## What you have to do
What are the lines, copied exactly, from the one containing "2 Double Beds (10 of 20)" through the final line of the material? Leave the pictures out.

## Dataset content
┌────────

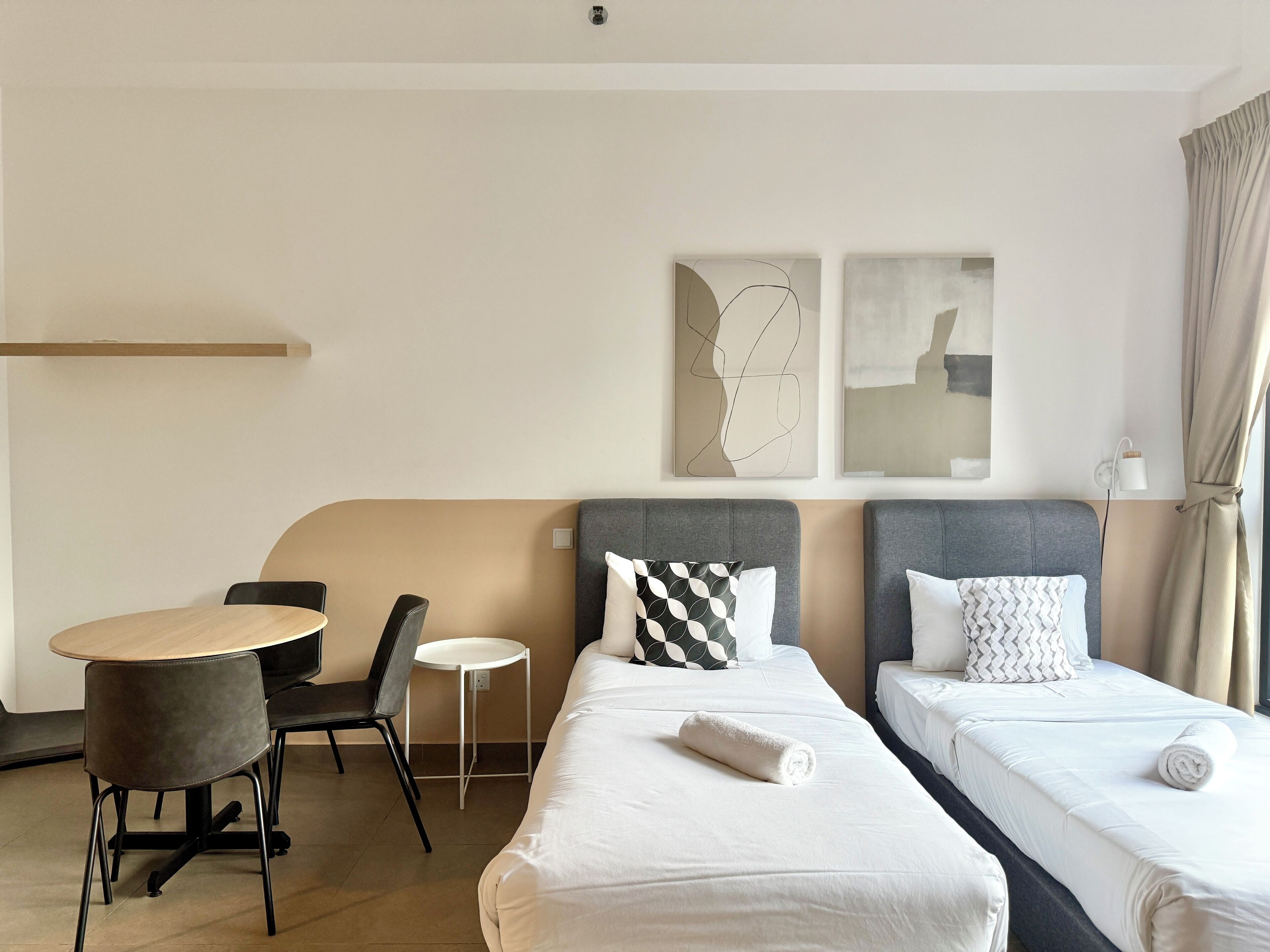 Fer et planche à repasser, Wi-Fi gratuit, draps fournis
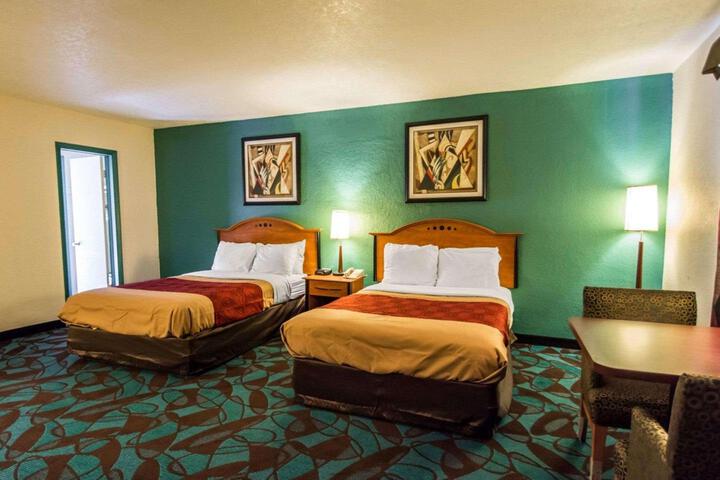2 Double Beds (10 of 20)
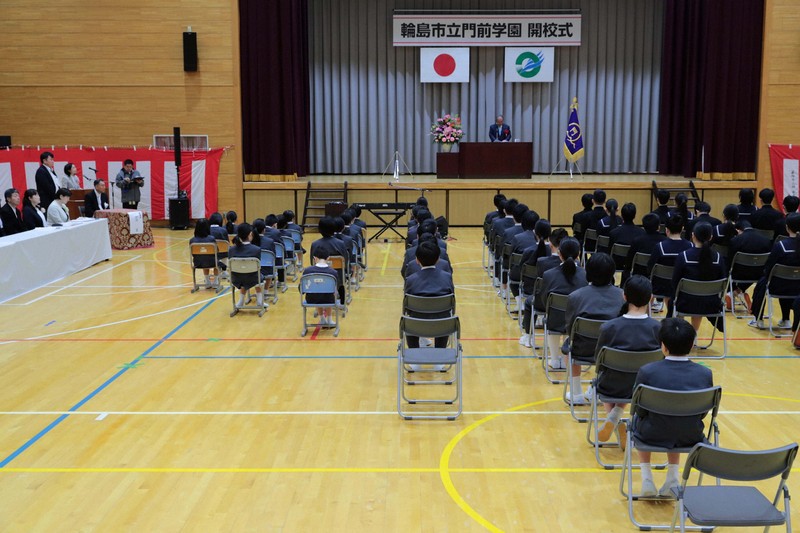 小中一貫校の輪島市立門前学園の開校式に臨む児童や生徒ら。学年ごとに生徒数にばらつきがあり、2年生は3人だ＝石川県輪島市で2026年4月7日午前9時52分、岩本一希撮影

└────────

## Exercise answer
2 Double Beds (10 of 20)
 小中一貫校の輪島市立門前学園の開校式に臨む児童や生徒ら。学年ごとに生徒数にばらつきがあり、2年生は3人だ＝石川県輪島市で2026年4月7日午前9時52分、岩本一希撮影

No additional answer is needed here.